BEIRUT (AP) — With a spectacular jail break in Syria and a deadly attack on an army barracks in Iraq, the Islamic State group was back in the headlines the past week, a reminder of a war that formally ended three years ago but continues to be fought mostly away from view.

The attacks were some of the boldest since the extremist group lost its last sliver of territory in 2019 with the help of a U.S.-led international coalition, following a years-long war that left much of Iraq and Syria in ruins.

Residents in both countries say the recent high-profile IS operations only confirmed what they’ve known and feared for months: Economic collapse, lack of governance and growing ethnic tensions in the impoverished region are reversing counter-IS gains, allowing the group to threaten parts of its former so-called caliphate once again.

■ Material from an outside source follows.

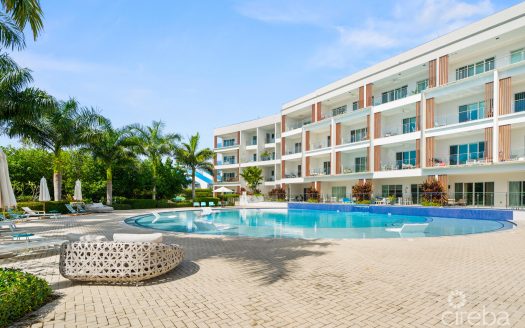 AURA PENTHOUSE #404 AURA PENTHOUSE #404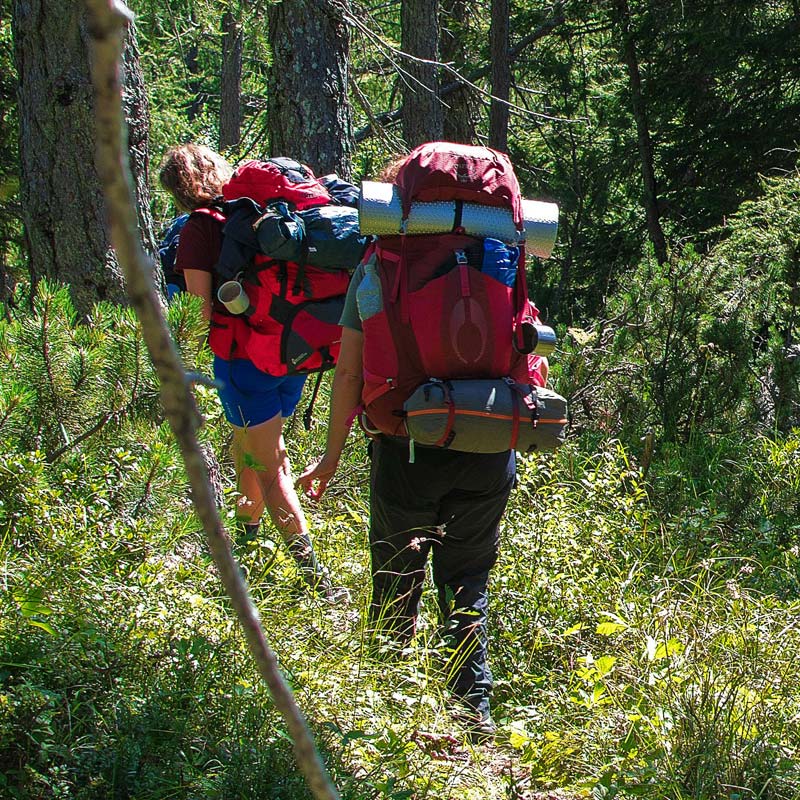 Randonneurs dans un sous-bois de Saint-André-des-Eaux proche du camping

One Syrian man said that over the past few years, militants repeatedly carried out attacks in his town of Shuheil, a former IS stronghold in eastern Syria’s Deir el-Zour province. They hit members of the Kurdish-led security force or the local administration — then vanished

“We would think it is over and they’re not coming back. Then suddenly, everything turns upside down again,” he said.

They are “everywhere,” he said, striking quickly and mostly in the dark, creating the aura of a stealth omnipresent force. He spoke on condition of anonymity out of fear for his safety.

IS lost its last patch of territory near Baghouz in eastern Syria in March 2019. Since that time, it largely went underground and waged a low-level insurgency, including roadside bombings, assassinations and hit-and-run attacks mostly targeting security forces. In eastern Syria, the militants carried out some 342 operations over the last year, many of them attacks on Kurdish-led forces, according to the Britain-based Syrian Observatory for Human Rights.

The Jan. 20 prison break in Syria’s Hassakeh region was its most sophisticated operation yet.

The militants stormed the prison aiming to break out thousands of comrades, some of whom simultaneously rioted inside. The attackers allowed some inmates to escape, took hostages, including child detainees, and battled the Kurdish-led Syrian Democratic Forces for a week. It was not clear how many militants managed to escape, and some remain holed up in the prison.

The fighting killed dozens and drew in the U.S.-led coalition, which carried out airstrikes and deployed American personnel in Bradley Fighting Vehicles to the scene. The battle also drove thousands of neighboring civilians from their homes.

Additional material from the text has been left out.